[Captioned web image data]:
%%
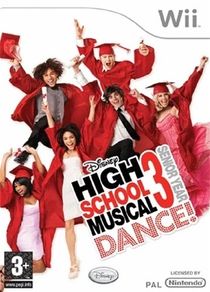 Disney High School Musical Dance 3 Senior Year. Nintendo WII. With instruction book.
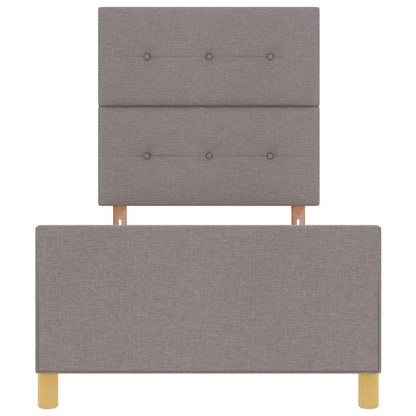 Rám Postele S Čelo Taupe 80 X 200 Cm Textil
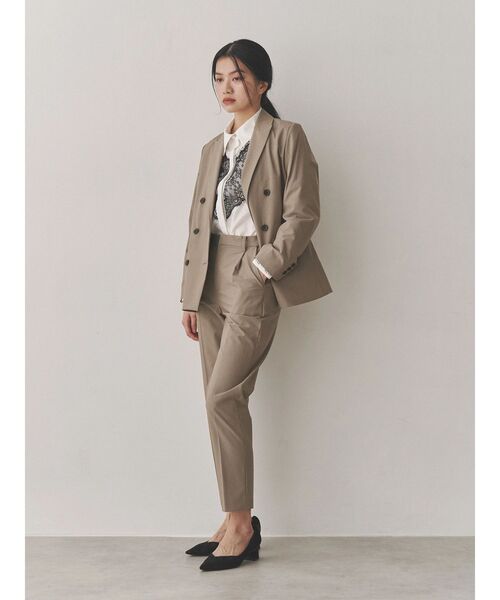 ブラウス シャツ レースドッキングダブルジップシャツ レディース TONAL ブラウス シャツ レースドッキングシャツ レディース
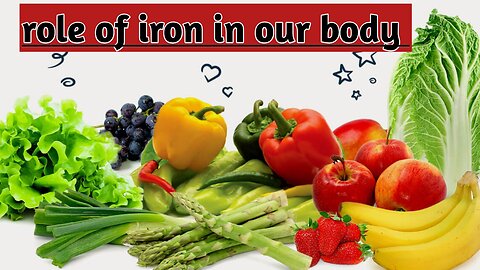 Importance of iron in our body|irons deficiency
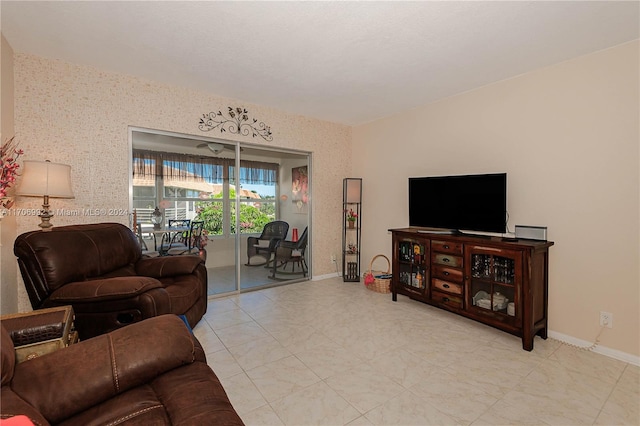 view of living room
%%
[Try it]:
What you return must be every entry, word for word, without any pictures.

[Response box]:
 Disney High School Musical Dance 3 Senior Year. Nintendo WII. With instruction book.
 Rám Postele S Čelo Taupe 80 X 200 Cm Textil
 ブラウス シャツ レースドッキングダブルジップシャツ レディース TONAL ブラウス シャツ レースドッキングシャツ レディース
 Importance of iron in our body|irons deficiency
 view of living room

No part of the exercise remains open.